Аналогичным образом, характер Неймана окружен двумя двойниками: с одной стороны, тупым палачом Хрипушиным, который в разгар террора чувствует себя нужным и успешливым, как никогда; и Романом Штерном, с другой стороны, умным циником, не строящим иллюзий относительно собственной устойчивости и возможности избежать судьбы своих теперешних жертв. Лина "запараллелена" с девушкой "с кудряшечками" из рассказа Штерна, женой арестованного журналиста, которая сначала в ответ на добродушное предложение следователя поскорей опять выходить замуж отвечает: "А что вы с моим вторым мужем сделаете?" а потом бросается под поезд. Мраморный памятник "утопленнице" на кладбище в Крыму, окруженный романтической легендой, которая не имеет ничего общего с прозаической действительностью (не утопилась от большой любви, а умерла от стрептококковой ангины), отзовется в образе появляющейся в конце романа безымянной утопленницы, покончившей с собой в ответ на насилие (политическое или какое другое, неизвестно). Даже опытный лагерник Буддо, поучающий Зыбина не выбирать средств в борьбе за выживание, контрастно сопоставлен с таким же старым лагерником Каландрашвили, напротив, так и не согнувшимся: даже после своего чудесного освобождения (по личному приказу товарища Сталина) он продолжает бесстрашно говорить о том, что он и видел, и понял, да так что Тамара только мысленно охает: "Так как же его освобождать?. . Ведь он так будет ходить и рассказывать. Тут и расписка о неразглашении ни к чему".
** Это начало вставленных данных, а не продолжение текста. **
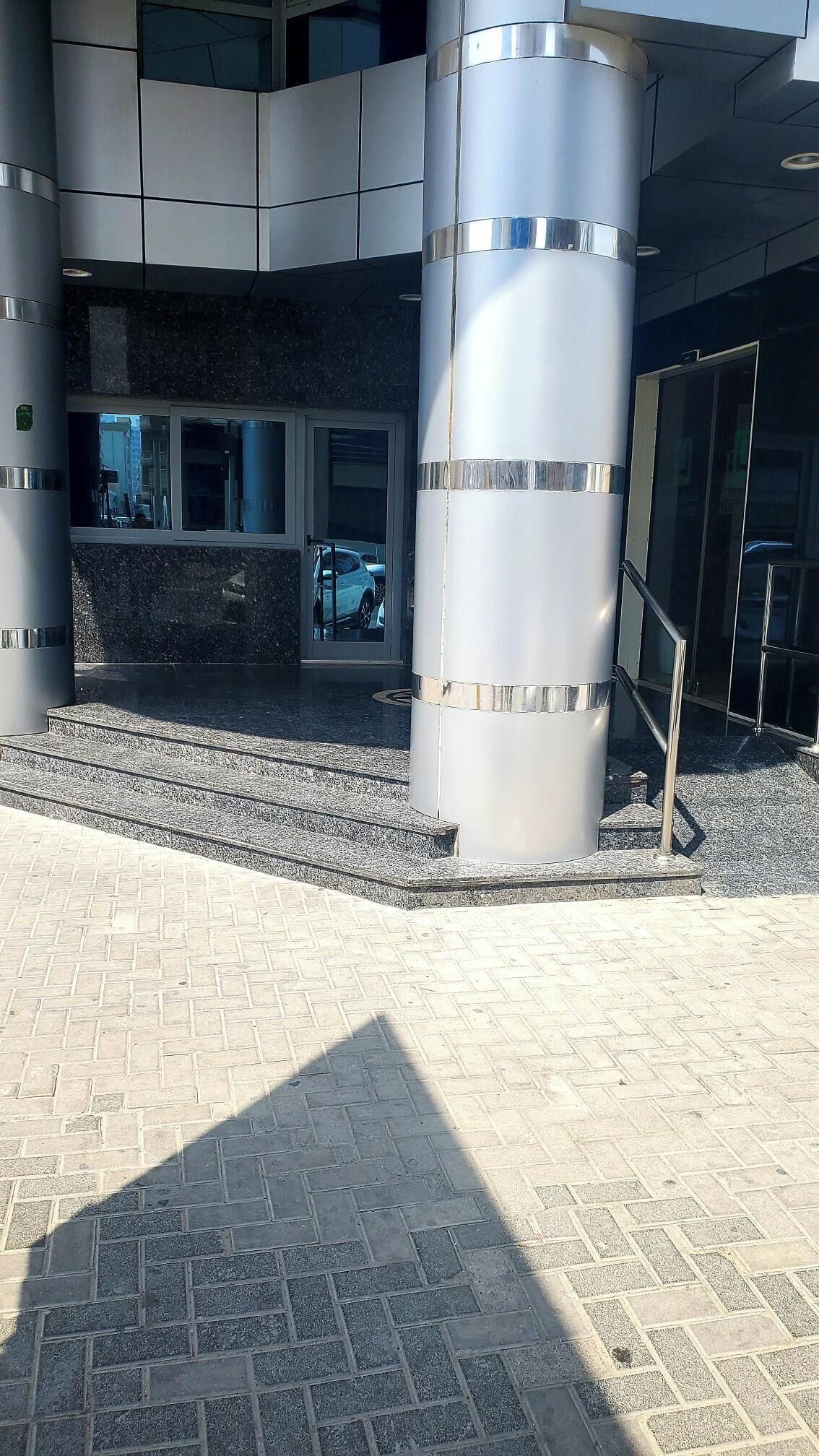 A modern building entrance with a glass door, a metal staircase, and a paved area.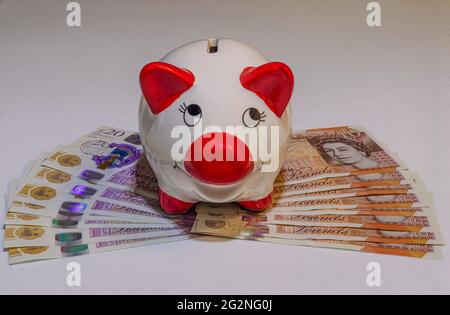 Sparschwein mit britischen Pfund Sterling Banknoten und Bargeld Stockfoto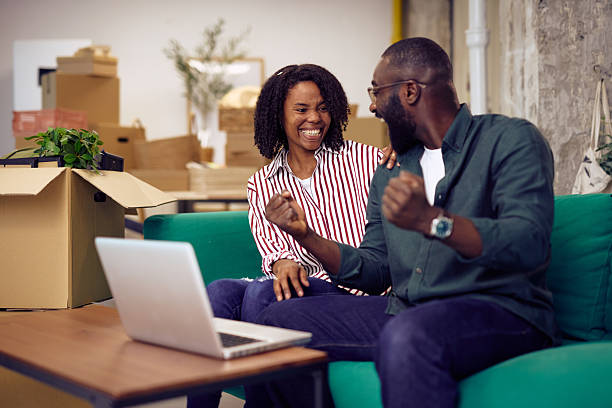 istock Happy couple celebrating moving into new home using laptop 2214105270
Такая система образов стягивает контрастными связками или соотносит по принципу дополнительности далеко отстоящие друг от друга эпизоды дилогии, придавая пространному романному сюжету, насыщенному деталями и лицами, четкость этической теоремы. В то же время эти контрастные и подобные варианты человеческого поведения в сходных обстоятельствах придают предельно локальной истории несостоявшегося периферийного процесса против врагов народа значение философской метафоры, универсальной по охвату явлений притчи, современного мифа о свободе, законе и тирании*109.